Below an update of this horse. At the next trim, 3 weeks later, the horse is standing under again, see blue lines. I also placed the original red lines on it from the first comparison. However, the horse is not standing under quite as much. Immediatly post-trim, the horse stands square again.
This hightlights the point made above. As time progresses between trims, most horses tend to start compensating for uncomfortable feet again. A physiological trim can remove the pain sources and allow the horse to stand correctly. Trimming intervals must be chosen based on when the horse starts to compenstate, rather than an arbitary date in the calendar.
Another aspect to point out, the better the boarding conditions support the horse’s needs, the later the compensation will set in.
We often get requests to assist with hoof boot fitting based on hoof measurements. When those measurements are in such a way that the hoof is longer than wide, aka Length > Width, then this is usually relatively straight forward since the boots are designed to accommodate such a hoof.
Longer than wide
The hoof often gets likened to a slanted, truncated cone. A cone would project a circle to the ground, however, since we are talking a bout a slanted cone that meets with a horizontal surface (the ground), the projection is oblong, it is slightly longer than wide.
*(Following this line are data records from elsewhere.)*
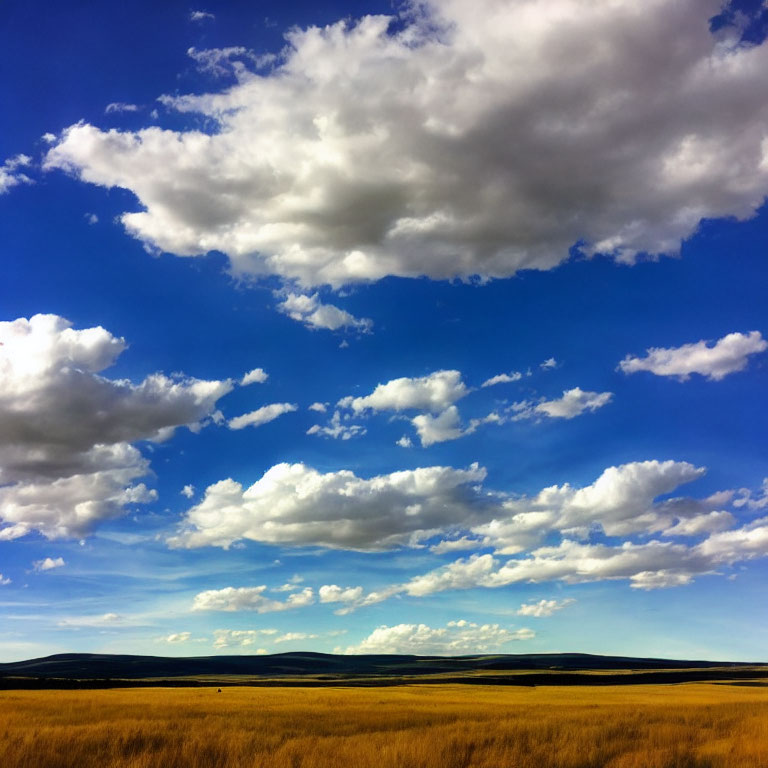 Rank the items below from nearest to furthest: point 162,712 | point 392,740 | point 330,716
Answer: point 392,740
point 330,716
point 162,712

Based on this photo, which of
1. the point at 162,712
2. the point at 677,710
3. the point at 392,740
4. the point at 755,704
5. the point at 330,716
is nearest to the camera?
the point at 392,740

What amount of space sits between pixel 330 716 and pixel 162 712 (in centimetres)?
739

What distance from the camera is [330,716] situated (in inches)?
1093

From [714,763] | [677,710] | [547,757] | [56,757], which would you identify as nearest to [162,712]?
[56,757]

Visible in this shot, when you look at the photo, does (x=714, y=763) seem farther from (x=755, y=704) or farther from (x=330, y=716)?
(x=755, y=704)

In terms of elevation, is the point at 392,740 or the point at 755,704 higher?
the point at 392,740

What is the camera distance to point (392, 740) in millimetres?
20609

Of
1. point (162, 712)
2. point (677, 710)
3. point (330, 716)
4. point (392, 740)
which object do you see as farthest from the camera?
point (677, 710)

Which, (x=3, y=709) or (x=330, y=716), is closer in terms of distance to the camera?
(x=330, y=716)

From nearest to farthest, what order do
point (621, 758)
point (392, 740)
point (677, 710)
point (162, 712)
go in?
point (621, 758)
point (392, 740)
point (162, 712)
point (677, 710)

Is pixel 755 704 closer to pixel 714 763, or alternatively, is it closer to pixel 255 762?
pixel 714 763

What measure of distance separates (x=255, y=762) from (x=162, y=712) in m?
14.8

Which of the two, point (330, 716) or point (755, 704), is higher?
point (330, 716)

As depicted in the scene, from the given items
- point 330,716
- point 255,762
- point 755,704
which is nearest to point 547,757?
point 255,762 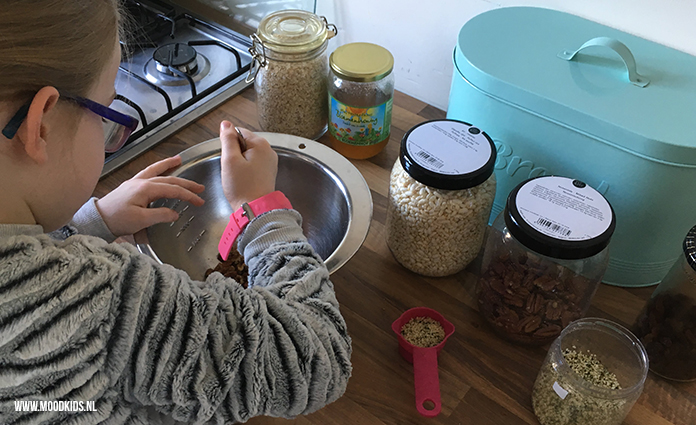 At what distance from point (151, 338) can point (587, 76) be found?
614 millimetres

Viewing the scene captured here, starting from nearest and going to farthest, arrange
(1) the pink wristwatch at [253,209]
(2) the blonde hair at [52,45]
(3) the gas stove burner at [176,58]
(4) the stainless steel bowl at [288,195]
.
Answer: (2) the blonde hair at [52,45] < (1) the pink wristwatch at [253,209] < (4) the stainless steel bowl at [288,195] < (3) the gas stove burner at [176,58]

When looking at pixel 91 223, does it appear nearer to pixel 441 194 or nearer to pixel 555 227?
pixel 441 194

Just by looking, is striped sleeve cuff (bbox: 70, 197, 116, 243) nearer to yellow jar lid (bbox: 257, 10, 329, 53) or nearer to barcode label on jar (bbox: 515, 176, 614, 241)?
yellow jar lid (bbox: 257, 10, 329, 53)

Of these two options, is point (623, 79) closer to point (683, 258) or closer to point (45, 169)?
point (683, 258)

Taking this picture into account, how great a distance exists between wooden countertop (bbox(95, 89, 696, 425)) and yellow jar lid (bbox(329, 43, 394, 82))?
213mm

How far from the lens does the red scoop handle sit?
0.64 metres

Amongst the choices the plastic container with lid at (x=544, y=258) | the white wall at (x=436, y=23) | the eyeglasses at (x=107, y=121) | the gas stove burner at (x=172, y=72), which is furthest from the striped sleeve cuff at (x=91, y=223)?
the white wall at (x=436, y=23)

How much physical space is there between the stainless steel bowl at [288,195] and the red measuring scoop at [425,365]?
0.17m

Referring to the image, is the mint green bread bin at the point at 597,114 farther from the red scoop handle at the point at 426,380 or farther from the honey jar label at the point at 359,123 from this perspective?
the red scoop handle at the point at 426,380

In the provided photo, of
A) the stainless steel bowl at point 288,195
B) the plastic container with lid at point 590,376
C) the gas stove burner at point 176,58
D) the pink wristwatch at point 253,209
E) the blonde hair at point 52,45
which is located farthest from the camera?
the gas stove burner at point 176,58

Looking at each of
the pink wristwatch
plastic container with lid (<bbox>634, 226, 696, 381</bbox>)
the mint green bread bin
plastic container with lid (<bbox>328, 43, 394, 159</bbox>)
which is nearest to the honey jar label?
plastic container with lid (<bbox>328, 43, 394, 159</bbox>)

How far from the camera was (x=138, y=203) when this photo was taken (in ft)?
2.46

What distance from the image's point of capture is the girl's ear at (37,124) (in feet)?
1.28

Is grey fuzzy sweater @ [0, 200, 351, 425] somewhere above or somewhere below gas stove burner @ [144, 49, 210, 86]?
above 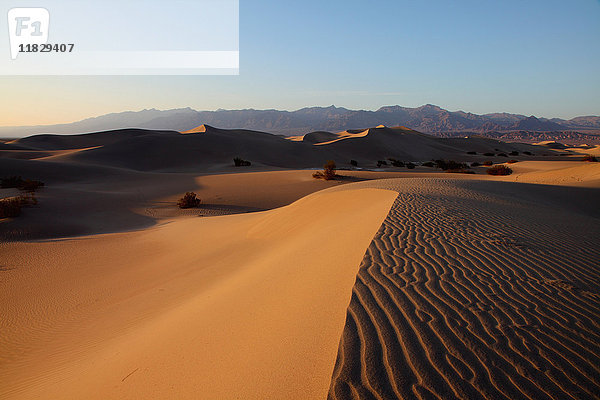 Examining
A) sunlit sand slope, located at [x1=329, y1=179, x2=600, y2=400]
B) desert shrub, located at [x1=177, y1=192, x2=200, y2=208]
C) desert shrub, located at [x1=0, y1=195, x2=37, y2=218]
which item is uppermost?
sunlit sand slope, located at [x1=329, y1=179, x2=600, y2=400]

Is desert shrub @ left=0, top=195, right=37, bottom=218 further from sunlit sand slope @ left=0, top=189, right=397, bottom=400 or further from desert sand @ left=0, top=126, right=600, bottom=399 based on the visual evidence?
sunlit sand slope @ left=0, top=189, right=397, bottom=400

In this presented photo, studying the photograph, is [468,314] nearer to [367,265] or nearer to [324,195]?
[367,265]

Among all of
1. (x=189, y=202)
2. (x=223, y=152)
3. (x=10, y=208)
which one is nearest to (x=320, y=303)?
(x=10, y=208)

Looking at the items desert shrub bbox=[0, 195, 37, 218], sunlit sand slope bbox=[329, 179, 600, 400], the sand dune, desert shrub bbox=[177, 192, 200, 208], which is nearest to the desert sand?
sunlit sand slope bbox=[329, 179, 600, 400]

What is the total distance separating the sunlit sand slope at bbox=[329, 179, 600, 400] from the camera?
2164 mm

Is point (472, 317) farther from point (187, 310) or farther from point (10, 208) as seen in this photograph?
point (10, 208)

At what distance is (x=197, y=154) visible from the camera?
119 feet

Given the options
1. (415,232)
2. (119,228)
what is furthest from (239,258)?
(119,228)

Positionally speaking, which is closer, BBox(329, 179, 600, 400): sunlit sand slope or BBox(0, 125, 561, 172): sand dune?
BBox(329, 179, 600, 400): sunlit sand slope

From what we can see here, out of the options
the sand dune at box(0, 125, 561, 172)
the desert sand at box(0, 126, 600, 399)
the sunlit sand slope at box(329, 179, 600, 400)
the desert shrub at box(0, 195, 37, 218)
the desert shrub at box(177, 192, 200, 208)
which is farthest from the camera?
the sand dune at box(0, 125, 561, 172)

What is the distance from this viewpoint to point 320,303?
3309 millimetres

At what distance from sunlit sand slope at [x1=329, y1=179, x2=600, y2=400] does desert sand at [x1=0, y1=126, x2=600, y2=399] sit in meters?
0.01

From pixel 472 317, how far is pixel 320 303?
1.31 m

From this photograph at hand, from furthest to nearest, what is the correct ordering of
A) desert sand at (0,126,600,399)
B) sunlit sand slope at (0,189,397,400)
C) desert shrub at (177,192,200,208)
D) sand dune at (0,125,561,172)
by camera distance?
sand dune at (0,125,561,172) < desert shrub at (177,192,200,208) < sunlit sand slope at (0,189,397,400) < desert sand at (0,126,600,399)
In most cases also the coronet is slightly longer than wide. These are attributes of a healthy hoofcapsule.
Wider than Long
While we have boots that accommodate a hoof with Width = Length, the problem arises when Width > Length. This would result in the length requiring one size of the boot while the width would need another size, sometimes differing by two boot sizes. Since the boots are usually longer than wide, there would be a gap in the toe and the boot will twist in the best case, or worse, they come off and get damaged.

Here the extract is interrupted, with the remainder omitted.